# Task 1: Exploring and Visualizing the Iris Dataset

#### Problem Statement and Goal

The goal of this task is to explore the classic Iris dataset, perform data visualization to understand the relationships between its features, and gain insights into how different species of Iris flowers differ from one another.
This analysis will also prepare the ground for future modeling tasks (classification).

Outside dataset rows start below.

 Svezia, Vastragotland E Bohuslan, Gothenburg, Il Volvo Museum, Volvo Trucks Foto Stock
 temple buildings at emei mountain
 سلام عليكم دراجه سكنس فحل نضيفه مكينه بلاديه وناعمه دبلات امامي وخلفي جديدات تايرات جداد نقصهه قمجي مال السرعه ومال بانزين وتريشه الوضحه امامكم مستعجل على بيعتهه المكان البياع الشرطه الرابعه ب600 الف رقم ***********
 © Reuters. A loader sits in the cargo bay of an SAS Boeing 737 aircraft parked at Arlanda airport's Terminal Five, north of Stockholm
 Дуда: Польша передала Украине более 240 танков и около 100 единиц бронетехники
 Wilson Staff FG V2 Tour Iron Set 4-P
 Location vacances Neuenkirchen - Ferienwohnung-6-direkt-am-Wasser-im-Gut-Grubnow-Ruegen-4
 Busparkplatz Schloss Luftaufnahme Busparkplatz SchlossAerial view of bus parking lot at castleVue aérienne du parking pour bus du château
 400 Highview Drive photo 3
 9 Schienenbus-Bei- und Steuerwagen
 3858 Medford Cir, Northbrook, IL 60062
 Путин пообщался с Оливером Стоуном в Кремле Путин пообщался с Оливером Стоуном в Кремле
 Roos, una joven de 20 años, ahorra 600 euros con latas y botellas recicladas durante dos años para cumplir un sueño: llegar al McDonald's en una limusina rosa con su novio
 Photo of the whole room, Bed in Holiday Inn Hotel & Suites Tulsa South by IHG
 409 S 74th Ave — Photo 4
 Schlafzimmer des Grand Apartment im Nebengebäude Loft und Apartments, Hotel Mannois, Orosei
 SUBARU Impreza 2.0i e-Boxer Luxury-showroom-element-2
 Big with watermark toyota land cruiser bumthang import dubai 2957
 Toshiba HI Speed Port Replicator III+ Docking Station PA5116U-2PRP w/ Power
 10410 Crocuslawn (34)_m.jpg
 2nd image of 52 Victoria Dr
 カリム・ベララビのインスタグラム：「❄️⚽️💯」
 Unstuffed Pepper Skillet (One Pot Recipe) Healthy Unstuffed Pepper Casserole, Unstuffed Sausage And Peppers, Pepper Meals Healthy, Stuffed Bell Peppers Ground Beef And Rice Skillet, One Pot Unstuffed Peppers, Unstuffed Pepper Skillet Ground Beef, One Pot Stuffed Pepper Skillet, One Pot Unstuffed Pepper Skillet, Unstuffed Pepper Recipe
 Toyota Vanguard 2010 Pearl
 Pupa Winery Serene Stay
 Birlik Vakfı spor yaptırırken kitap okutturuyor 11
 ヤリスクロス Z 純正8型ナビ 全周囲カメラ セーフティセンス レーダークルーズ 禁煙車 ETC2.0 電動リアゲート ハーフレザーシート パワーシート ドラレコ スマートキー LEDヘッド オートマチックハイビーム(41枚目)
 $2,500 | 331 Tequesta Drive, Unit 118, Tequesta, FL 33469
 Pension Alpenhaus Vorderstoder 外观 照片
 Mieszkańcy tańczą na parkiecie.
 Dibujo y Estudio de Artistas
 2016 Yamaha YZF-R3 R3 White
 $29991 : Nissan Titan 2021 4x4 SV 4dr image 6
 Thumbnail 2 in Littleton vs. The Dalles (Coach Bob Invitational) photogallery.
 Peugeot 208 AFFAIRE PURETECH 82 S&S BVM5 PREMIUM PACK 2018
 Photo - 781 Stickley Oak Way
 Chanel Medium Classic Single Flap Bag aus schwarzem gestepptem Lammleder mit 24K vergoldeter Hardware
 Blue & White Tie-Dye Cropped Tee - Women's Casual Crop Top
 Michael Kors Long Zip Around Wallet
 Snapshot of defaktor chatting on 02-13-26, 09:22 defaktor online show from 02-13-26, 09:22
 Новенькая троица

## Step 1: Import Required Libraries

In [None]:
# Importing required libraries
import pandas as pd
import seaborn as sns
import matplotlib.pyplot as plt

# Set default theme for plots
# sns.set(style='whitegrid')
sns.set_theme(style="darkgrid")

## Step 2: Load the Dataset

The Iris dataset is a built-in dataset available in the Seaborn library.

In [None]:
# Load the Iris dataset
iris = sns.load_dataset('iris')

## Step 3: Inspect the Dataset

We’ll check the dataset’s shape, column names, and the first few rows.

In [None]:
print("Dataset Shape:", iris.shape)
print("\nColumn Names:", iris.columns.tolist())
print("\nFirst 5 Rows:")
display(iris.head())


Observation:

The dataset has 150 rows and 5 columns.

The features include sepal and petal measurements, and the target column species

## Step 4: Summary Information

In [None]:
print("\n--- Dataset Info ---")
print(iris.info())

print("\n--- Statistical Summary ---")
display(iris.describe())


Insights:

All features are numeric.

No missing values are present.

Feature scales vary slightly, which may affect models if we proceed to training later.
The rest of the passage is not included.